Brief:
Scan the material for the word "myfreecams", then return every line where it appears.

Given records:
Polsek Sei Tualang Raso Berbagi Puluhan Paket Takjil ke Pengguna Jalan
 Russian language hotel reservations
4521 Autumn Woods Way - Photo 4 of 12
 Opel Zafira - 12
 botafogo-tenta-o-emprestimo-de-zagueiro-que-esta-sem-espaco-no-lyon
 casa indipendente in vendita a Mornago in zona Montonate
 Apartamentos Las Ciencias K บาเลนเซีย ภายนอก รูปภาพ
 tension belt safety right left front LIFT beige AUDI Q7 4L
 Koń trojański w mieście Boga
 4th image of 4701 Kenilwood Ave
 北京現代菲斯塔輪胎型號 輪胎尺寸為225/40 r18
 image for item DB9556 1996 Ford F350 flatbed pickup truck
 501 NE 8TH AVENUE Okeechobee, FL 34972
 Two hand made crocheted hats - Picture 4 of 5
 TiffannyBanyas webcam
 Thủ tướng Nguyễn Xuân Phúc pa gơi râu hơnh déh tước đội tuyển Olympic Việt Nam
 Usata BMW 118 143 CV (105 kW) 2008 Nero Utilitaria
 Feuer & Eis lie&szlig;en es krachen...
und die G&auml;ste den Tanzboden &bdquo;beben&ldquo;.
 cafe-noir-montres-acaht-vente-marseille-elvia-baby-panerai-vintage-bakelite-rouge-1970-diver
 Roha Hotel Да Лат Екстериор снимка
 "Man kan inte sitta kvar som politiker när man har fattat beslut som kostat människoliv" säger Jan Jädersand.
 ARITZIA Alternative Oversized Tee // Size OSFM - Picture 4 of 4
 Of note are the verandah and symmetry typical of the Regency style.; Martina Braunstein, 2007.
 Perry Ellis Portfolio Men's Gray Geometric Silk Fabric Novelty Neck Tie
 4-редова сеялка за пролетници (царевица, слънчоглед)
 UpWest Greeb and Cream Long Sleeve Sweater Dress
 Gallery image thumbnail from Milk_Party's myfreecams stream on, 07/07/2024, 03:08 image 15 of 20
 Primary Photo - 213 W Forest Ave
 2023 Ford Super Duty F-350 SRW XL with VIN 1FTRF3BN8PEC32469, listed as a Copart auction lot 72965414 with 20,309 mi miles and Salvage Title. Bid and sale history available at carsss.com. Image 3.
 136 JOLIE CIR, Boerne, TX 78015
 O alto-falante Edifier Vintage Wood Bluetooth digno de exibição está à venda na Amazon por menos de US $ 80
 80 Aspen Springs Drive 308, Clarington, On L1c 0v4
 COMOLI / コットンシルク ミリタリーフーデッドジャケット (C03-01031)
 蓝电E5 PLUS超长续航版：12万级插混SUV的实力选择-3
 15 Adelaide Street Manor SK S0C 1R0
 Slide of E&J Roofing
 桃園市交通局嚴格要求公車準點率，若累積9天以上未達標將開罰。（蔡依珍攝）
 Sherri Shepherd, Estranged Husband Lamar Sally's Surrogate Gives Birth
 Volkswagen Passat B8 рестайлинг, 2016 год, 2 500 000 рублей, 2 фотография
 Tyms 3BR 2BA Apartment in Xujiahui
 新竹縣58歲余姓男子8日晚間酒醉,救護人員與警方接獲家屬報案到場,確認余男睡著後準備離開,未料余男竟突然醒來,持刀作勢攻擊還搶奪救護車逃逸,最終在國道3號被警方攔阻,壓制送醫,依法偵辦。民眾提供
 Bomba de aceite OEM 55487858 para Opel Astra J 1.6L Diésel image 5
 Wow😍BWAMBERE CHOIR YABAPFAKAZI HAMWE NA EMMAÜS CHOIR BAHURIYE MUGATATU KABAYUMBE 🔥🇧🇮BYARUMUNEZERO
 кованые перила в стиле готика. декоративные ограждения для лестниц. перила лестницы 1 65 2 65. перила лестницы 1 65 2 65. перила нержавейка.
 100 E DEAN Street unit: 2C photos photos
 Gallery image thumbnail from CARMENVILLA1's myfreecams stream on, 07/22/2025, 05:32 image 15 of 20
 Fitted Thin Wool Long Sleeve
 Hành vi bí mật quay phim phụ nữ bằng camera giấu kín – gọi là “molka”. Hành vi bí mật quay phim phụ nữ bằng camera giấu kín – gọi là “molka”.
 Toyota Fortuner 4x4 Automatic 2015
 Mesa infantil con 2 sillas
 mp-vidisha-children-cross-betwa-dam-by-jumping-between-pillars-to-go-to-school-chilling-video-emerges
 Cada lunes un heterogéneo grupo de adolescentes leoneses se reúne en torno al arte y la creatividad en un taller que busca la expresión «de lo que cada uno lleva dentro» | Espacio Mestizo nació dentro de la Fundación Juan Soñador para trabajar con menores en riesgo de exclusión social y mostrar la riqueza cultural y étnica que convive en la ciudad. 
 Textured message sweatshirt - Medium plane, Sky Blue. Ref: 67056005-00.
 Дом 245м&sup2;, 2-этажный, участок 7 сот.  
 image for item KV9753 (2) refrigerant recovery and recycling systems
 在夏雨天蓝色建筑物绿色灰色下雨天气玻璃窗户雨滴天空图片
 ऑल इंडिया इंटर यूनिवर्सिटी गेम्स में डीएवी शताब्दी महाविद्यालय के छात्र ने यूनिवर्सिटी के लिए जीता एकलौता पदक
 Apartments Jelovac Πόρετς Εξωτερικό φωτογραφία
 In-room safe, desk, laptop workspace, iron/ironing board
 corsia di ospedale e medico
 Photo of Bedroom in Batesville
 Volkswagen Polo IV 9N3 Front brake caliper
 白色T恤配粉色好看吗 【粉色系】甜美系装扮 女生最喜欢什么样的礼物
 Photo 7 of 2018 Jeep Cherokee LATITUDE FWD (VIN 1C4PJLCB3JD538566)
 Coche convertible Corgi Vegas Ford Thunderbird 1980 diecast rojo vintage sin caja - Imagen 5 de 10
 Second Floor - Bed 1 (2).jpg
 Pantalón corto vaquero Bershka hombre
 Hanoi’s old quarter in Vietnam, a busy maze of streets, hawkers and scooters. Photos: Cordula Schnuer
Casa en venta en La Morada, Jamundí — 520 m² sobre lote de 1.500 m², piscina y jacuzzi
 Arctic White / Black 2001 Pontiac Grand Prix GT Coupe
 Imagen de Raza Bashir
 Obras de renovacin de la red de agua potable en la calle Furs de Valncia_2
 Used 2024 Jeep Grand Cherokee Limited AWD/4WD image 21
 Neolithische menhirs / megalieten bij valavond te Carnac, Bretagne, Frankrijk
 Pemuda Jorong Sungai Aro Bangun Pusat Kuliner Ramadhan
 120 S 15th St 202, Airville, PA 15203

Result below:
 Gallery image thumbnail from Milk_Party's myfreecams stream on, 07/07/2024, 03:08 image 15 of 20
 Gallery image thumbnail from CARMENVILLA1's myfreecams stream on, 07/22/2025, 05:32 image 15 of 20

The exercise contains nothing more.